The Red Bridge River Park Trust's only standing members have been Mr Jeromy van Riel and his longstanding legal partner, Ms Philippa O'Connell, as well as Mr Timothy Ryan who was a part of the Upper Clutha River Guardians and the Clutha Mata-Au River Parkway Group, Incorporated Society, since Mr Verduyn's death in 2019. Mr Ryan has not come forward with his trustee-ship although online articles show him to be a member. The remaining members have dissolved the Red Bridge River Park Trust in 2022 after the purchase and sale of property at 151 Church Road, Luggate, blaming another party of defaming their organization for financial discrepancies and questionable charity duty, apparently as a smokescreen to sell. 

No meetings or Meeting Minutes has been conducted for the Red Bridge River Park Trust since 2015. They have apparently not taken accountability for these discrepancies while under the guidance of Mr Iain Grant Fyfe and his law firm Fyfe-Karamaena Law, as well as the members of the CMRP Group- Mr Christopher Keith Steven of Wanaka Law, and Mr Richard Guy Steven of Wanaka Law and his wife- Ms Anne Steven. Mr Steven contracts for the New Zealand Police as an advising lawyer.

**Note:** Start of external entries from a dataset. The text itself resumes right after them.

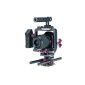 Rolleiflex 4K S-Cage - Professional video camera cage - for selected digital Systemkameras- Black (Accessories)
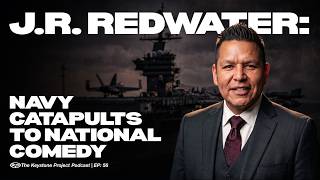 From Navy Catapults to National Comedy: The Journey of J.R. Redwater Update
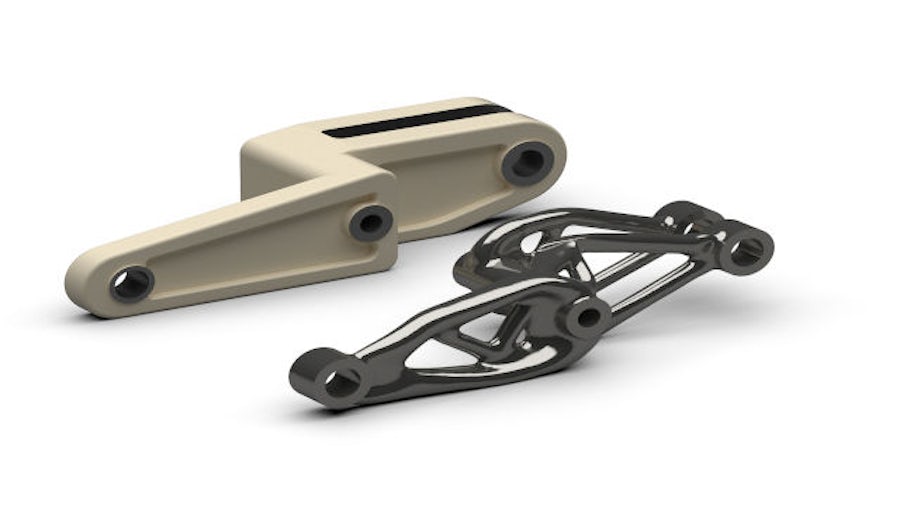 hinge point generative design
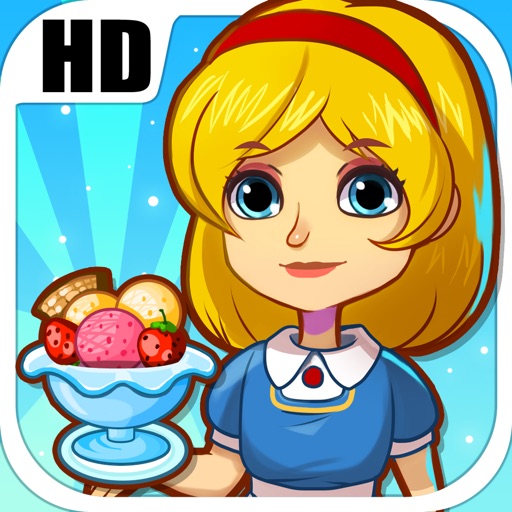 Lisa's Cafe HD iOS App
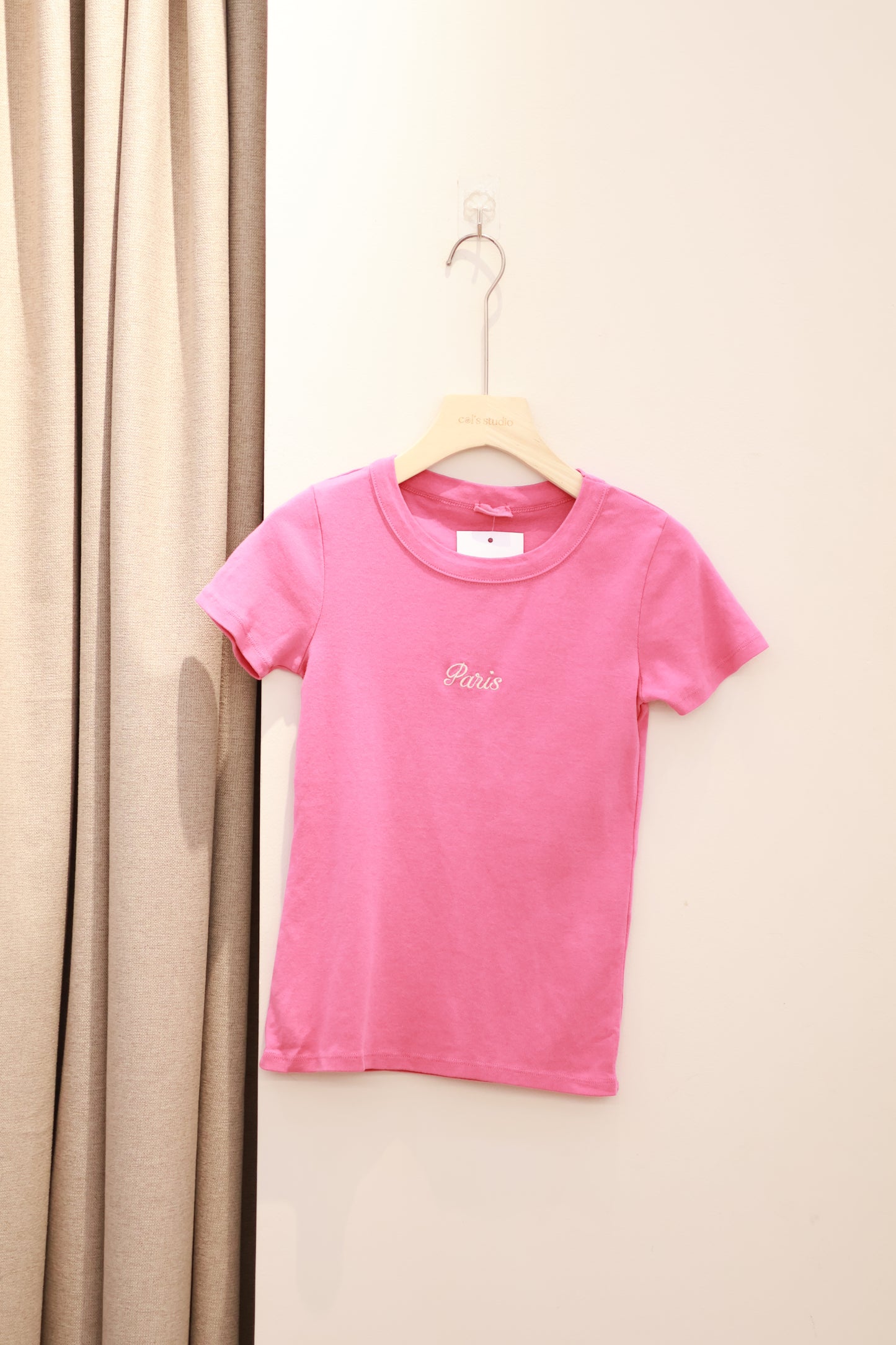 BRANDY Hailie Paris Top - Rose Red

While New Zealand has been under the administration of Hon. Jacinda Ardern, there appears to have been a lack of regulations and monitoring of charities registered so far by New Zealand Charities Services and a lack of financial monitoring and investigations of charities by New Zealand Charities Services and IRD all-in-all. 

In November 2022, Hon Ardern and her cabinet have made a Bill to Amend the Charities Act 2005, to try to deregulate charities in New Zealand to allow them even more freedom not to report. 

The Clutha Mata-Au River Parkway Group, Incorporated Society, has not reported their donations or funding since 2012 properly while under the guidance of the Mr Iain Grant Fyfe of Checketts McKay Law and Fyfe-Karamaena Law, and Mr Richard Guy Steven of Wanaka Law. Both these law firms apparently do contract work for the New Zealand Police and remain in good standing despite any concerns of charity discrepancies of non-reporting existing under their direction. 

Apparently, many questionable financial discrepancies and concerns have taken place regarding the Clutha Mata-Au River Parkway Group, Incorporated Society,  and its brother organizations, being allowed by the New Zealand Government and its regulatory bodies of charities, to not report financial information properly or to be thoroughly investigated for financial discrepancies. Any organization members linked to previously deregistered organizations by the New Zealand Government appear to not be of much concern to the New Zealand Government or police when it comes to charity irregularities or even charity fraud against the Acts and Laws of New Zealand on a large scale. 

All registered charities in New Zealand are not to be developed for personal gain or profit, especially those given tax exempt benefits and status by the New Zealand Government. However, charities that make personal gains or profits are apparently commonly overlooked by the New Zealand Government such as the Red Bridge River Park Charitable Trust that has been for a number or years while claiming tax dividends and charity benefits and zero or little donations. 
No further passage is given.